L’osso mascellare, completo di denti, è stato datato tra 25.000 e 16.000 anni fa, anche se il team non è stato in grado di determinare il sesso o l’età dell’individuo. I loro risultati sono stati pubblicato oggi in PLoS One.

Questo particolare individuo molto probabilmente discendeva da una popolazione di esseri umani moderni che arrivò a Sulawesi in barca decine di migliaia di anni fa”, ha detto a Gizmodo l’autore principale Adam Brumm, un archeologo del Centro di ricerca australiano per l’evoluzione umana alla Griffith University di Brisbane, in una e-mail.

Il sud-est asiatico vanta un notevole archivio di resti di ominini nascosti nelle sue grotte calcaree.
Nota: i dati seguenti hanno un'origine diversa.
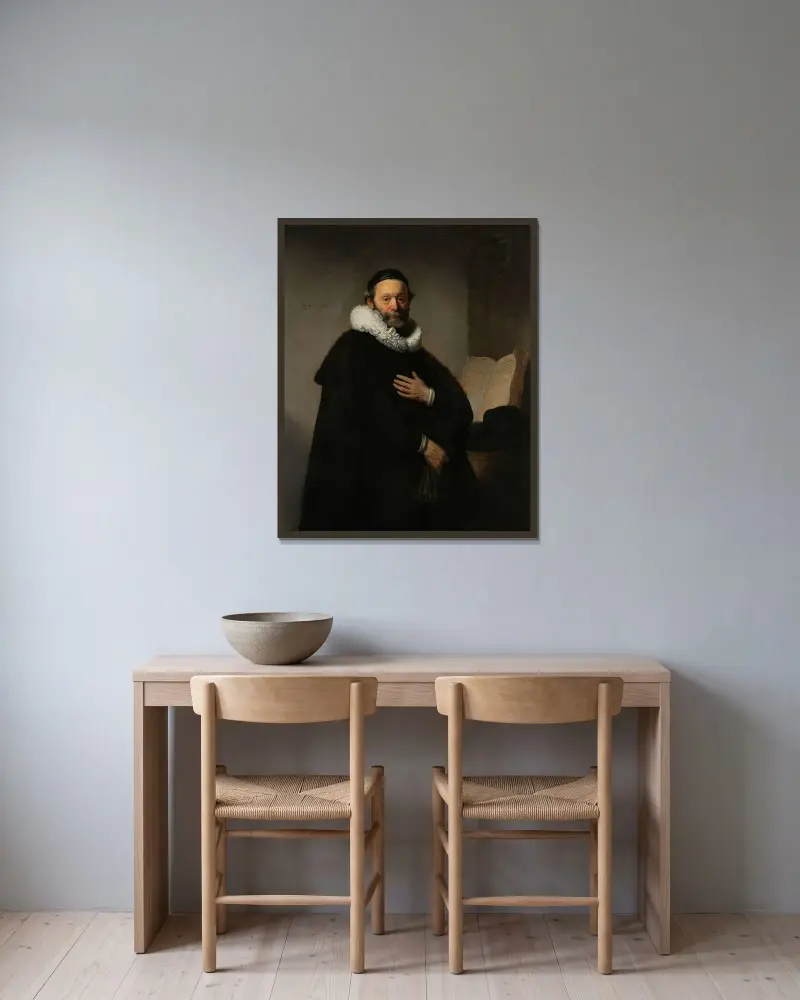 Johannes Wtenbogaert von Rembrandt van Rijn gerahmt an einer Wand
Negli ultimi anni, le isole delle Filippine e dell’Indonesia hanno ospitato le scoperte di Homo floresiensis e Homo luzonensis, parenti umani estinti che prendono il nome dalle isole in cui sono stati scoperti. Nell’antico passato, gli ominini (la nostra specie e altre) si sono fatti strada attraverso le catene di isole, installandosi nelle grotte della regione e dipingendo sulle loro pareti. Alcuni nelle Filippine potrebbero aver cenato su roditori giganti che vivono sugli alberi.

Antichi stencil a mano.

La mandibola è stata trovata a Leang Bulu Bettue, una grotta nella regione sud-occidentale di Sulawesi, a Maros. Il team sapeva da precedenti lavoro che lo strato di terra dell’osso è venuto fuori era tra 25.000 e 16.000 anni, sulla base di diversi metodi di datazione: analisi isotopica delle stalagmiti esposte durante quegli scavi, datazione al radiocarbonio di conchiglie trovate nello stesso strato, datazione per ablazione laser di un dente di maiale trovato lì, e datazione ottica della roccia feldspatica nello strato. La conchiglia datata al radiocarbonio è stata precedentemente utilizzata per il massimo dello strato – circa 22.300 anni fa – ma a causa di alcune incertezza sul modo in cui l’acqua può deformare i risultati, in questo documento i ricercatori hanno rinviato alla datazione isotopica delle stalagmiti, che hanno una gamma più ampia di 24.800 a 16.000 anni.

Il mese scorso, un’altra squadra che comprendeva Brumm ha annunciato il recupero di materiale genetico da uno scheletro di 7.000 anni fa a Sulawesi; i resti appartenevano a una donna che aveva 18 anni quando morì durante l’Olocene. La mandibola recentemente riportata precede quei resti di un’epoca; c’è stato più tempo tra questo antico individuo e la donna dell’Olocene che tra la donna dell’Olocene e noi.

Il nuovo ritrovamento spinge indietro Homo sapiens‘ esistenza su Sulawesi di migliaia di anni. “Sfortunatamente, l’esemplare è così incompleto e frammentario che non può dirci molto sull’individuo da cui proviene, a parte il fatto che questa persona aveva dei denti davvero brutti”, ha detto Brumm. Sanno che la persona era un adulto, a causa di un terzo molare erotto, ma non possono andare più a fondo di così.

“Ci piacerebbe molto trovare altri resti dell’individuo da cui proviene questo piccolo frammento”, ha aggiunto Brumm. “Devono essere sepolti da qualche parte nel sito, e se continuiamo a scavare, forse saremo abbastanza fortunati da trovarli un giornoo i resti di altri primi esseri umani sepolti nella grotta”.

Se la nostra specie abbia coesistito o si sia scontrata con altri ominini a Sulawesi è sconosciuto, ma è “certamente possibile” che i diversi gruppi abbiano interagito tra loro, ha detto Brumm. Hanno abitato la stessa isola allo stesso tempo, dopo tutto. Forse i futuri ritrovamenti diranno di più su che storia.